INFORMATION PROVIDED>
^^^^^^^^^^^^^^^^

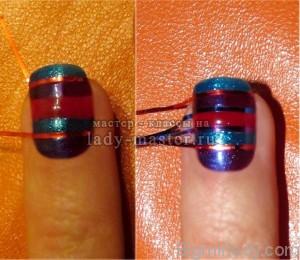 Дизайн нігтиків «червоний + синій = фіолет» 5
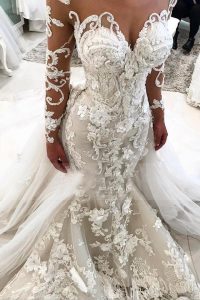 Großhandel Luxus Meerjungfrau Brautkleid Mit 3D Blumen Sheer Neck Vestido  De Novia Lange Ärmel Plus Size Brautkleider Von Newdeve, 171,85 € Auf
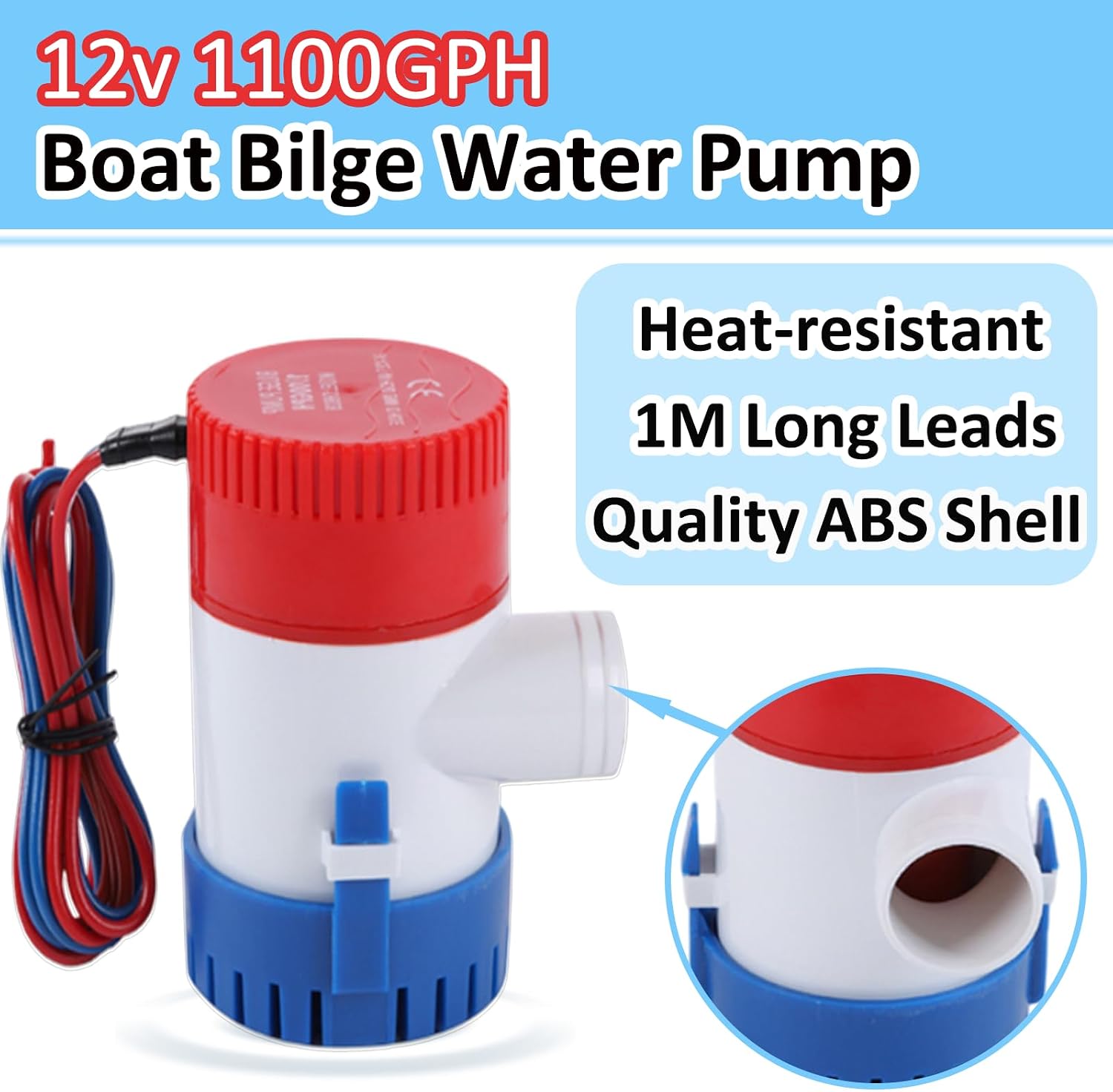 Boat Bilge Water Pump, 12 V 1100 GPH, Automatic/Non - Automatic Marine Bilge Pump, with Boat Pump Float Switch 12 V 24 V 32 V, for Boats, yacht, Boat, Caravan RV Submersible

^^^^^^^^^^^^^^^^

PROBLEM TO WORK ON>
With pictures excluded, output the listing above exactly as it stands.

RESPONSE TO THE TASK>
 Дизайн нігтиків «червоний + синій = фіолет» 5
 Großhandel Luxus Meerjungfrau Brautkleid Mit 3D Blumen Sheer Neck Vestido  De Novia Lange Ärmel Plus Size Brautkleider Von Newdeve, 171,85 € Auf
 Boat Bilge Water Pump, 12 V 1100 GPH, Automatic/Non - Automatic Marine Bilge Pump, with Boat Pump Float Switch 12 V 24 V 32 V, for Boats, yacht, Boat, Caravan RV Submersible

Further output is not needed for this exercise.